[What you need to do] Without the pictures, retype each line below exactly as it stands.

[Given information]
• • • •

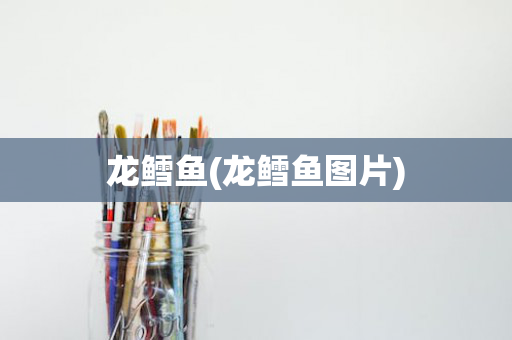 龙鳕鱼(龙鳕鱼图片)
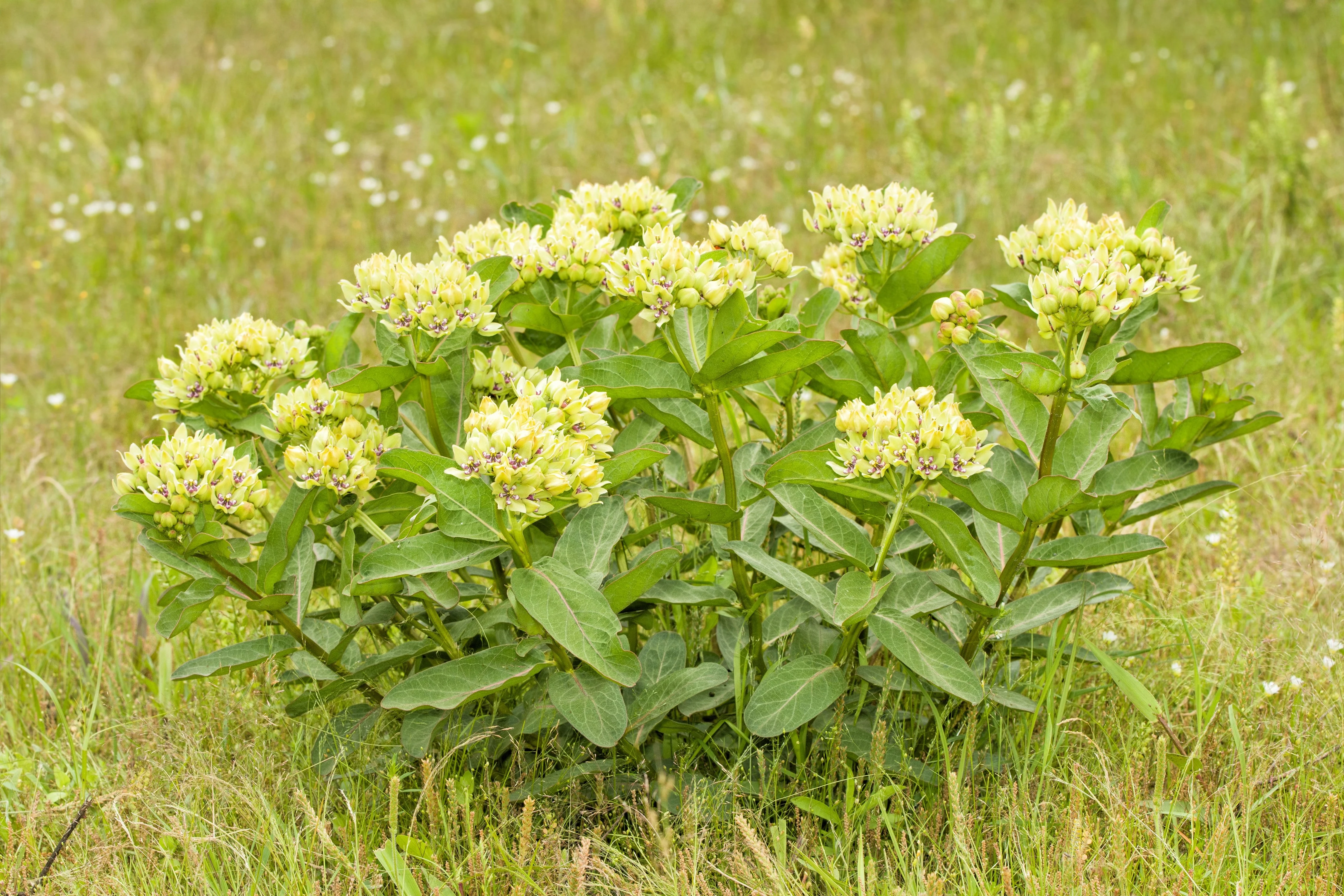 20 Green SPIDER MILKWEED Asclepias Viridis White Purple Monarch Flower Seeds - Image 8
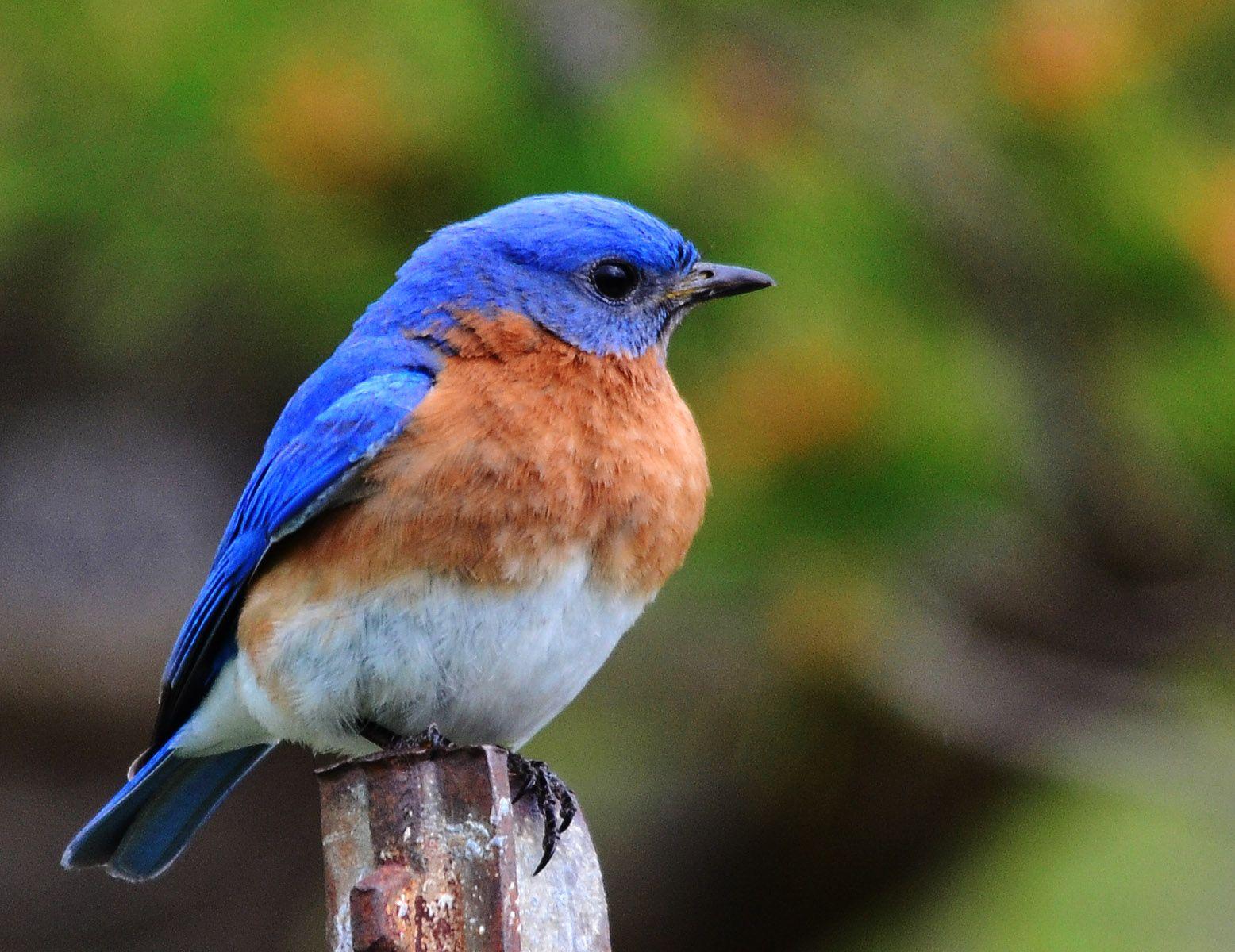 Cute Blue Bird Logo - Blue Bird Birds Wallpaper Background Desktop Archived At Animal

• • • •

[Response to this exercise]
 龙鳕鱼(龙鳕鱼图片)
 20 Green SPIDER MILKWEED Asclepias Viridis White Purple Monarch Flower Seeds - Image 8
 Cute Blue Bird Logo - Blue Bird Birds Wallpaper Background Desktop Archived At Animal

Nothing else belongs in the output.